Altri ben sette anni dal cambio di nome e i cinque finlandesi riuscirono finalmente a dare alla luce il loro debutto discografico “The Only Good Samarithan…” sotto la casa discografica Casket Music, seguito nel 2014 da questo “The Devil Tunes”. Album sincero e diretto, che però non aggiunge nulla di nuovo alla scena thrash finlandese, i cui monicker più noti nell’underground internazionale continuano ad essere quelli di Airdash, Antidote e Stone, e più recentemente i Lost Society.
Mi trovo dunque a recensire il secondo lavoro di una band che ha dovuto (sfortunatamente) aspettare ben undici anni prima di riuscire a registrare il proprio debutto discografico, dopo una lunga gavetta e tanto impegno.
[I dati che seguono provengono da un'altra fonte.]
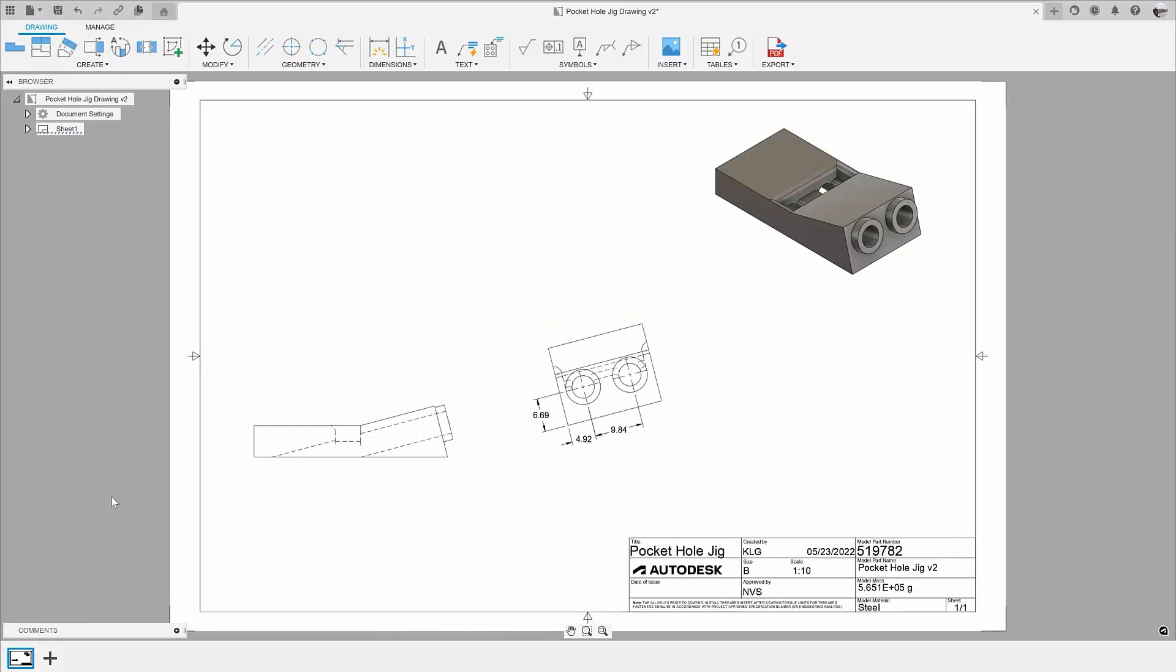With this May 2022 release, the main addition to the drawing environment is the addition of auxiliary views.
Composto da undici tracce, per quasi quaranta minuti totali, “The Devil Tunes” si presenta come un energico tentativo di rifarsi a sonorità del passato, con evidenti influenze da parte di tutta la scena thrash metal teutonica (Kreator, Destruction) e di quella death scandinava, con sfumature che si rifanno a stilemi punk e hardcore.
In questo album i pregi non mancano: l’abilità dei musicisti è molto buona ed il disco emette passione ad ogni secondo. Gli axeman M. Viholainen e M. Saarinen ci danno prova delle loro doti chitarristiche, lanciandosi in riff ben calibrati e accompagnati da un’eccellente sezione ritmica da curata dal batterista J. Honanken e dal bassista E. Virtanen.
La vera protagonista del platter è in realtà la cantante V. Suomalainen, che fornisce una prova vocale adatta al contesto del disco, caratterizzata da growl e scream marci e, per usare un eufemismo, “demoniaci”.
Nota di merito anche alla produzione, davvero buona per un disco indipendente di una band poco conosciuta, che non ha trascurato la pulizia del suono e il mix finale.
 

Tuttavia, ci sono alcuni difetti che vanno a condizionare il giudizio finale e non di poco. Il problema di questo disco è che sa di già sentito, mille e più volte. Il problema della scarsa originalità persiste in numerosi lavori appartenenti alla “new wave of thrash metal”. Si è disposti a chiudere un occhio quando si parla di band composte da giovani, ancora immaturi e in cerca di uno stile personale, ma i Dead Samaritan non sono proprio dei giovincelli e quindi viene difficile perdonare delle scelte stilistiche potenti e divertenti, ma un po’ troppo “impersonali”. Peccato anche per i testi delle canzoni, pieni di cliché e un po’ adolescenziali. 
 

Nonostante queste note di demerito, l’album si lascia ascoltare un paio di volte senza annoiare eccessivamente.
Fra le tracce degne di nota troviamo, senza ombra di dubbio, la title-track: un minuto e cinquanta secondi di death/thrash spedito e incazzato, con sfumature che richiamano una certa influenza di crust punk marcio e cattivo.
Un’altra buona canzone è l’opener “In for the Kill”, che ci fa entrare nel mood di questo LP come un cazzotto in faccia. Qui troviamo il riffing più ispirato dell’intero full-length, con tinte melodiche e vagamente blackeggianti, accompagnate da sfuriate crust di pochi  secondi, che rendono il brano più godibile.
Il resto della tracklist si presenta come più piatto e tradizionale. Non manca di buoni spunti (che però potevano essere sfruttati meglio), come per esempio i primi quaranta secondi di “Raise a Riot” e il riff principale di “In the Glare of Burning Churches”.
 

Riassumendo, “The Devil Tunes” è un lavoro carico di energia e passione, abbastanza ben prodotto e confezionato, che cattura  l’ascoltatore durante le prime tracce, ma scema con il passare dei minuti.
Davvero un peccato, visto che la band non manca di talento né di buone idee (ce lo dimostrano le canzoni precedentemente citate), e le doti tecniche sono più che sufficienti.
Mi sento comunque di consigliarlo a tutti gli appassionati del genere, che troveranno sicuramente pane per i loro denti, e a chi si può accontentare di quaranta minuti di metal spensierato e goliardico.
Auguro tutto il meglio ai Dead Samaritan e spero che la grande passione che li anima faccia raggiungere loro vette sempre più alte e fanbase sempre più vaste, magari con un nuovo album un po’ più “maturo” e ragionato. Coraggio!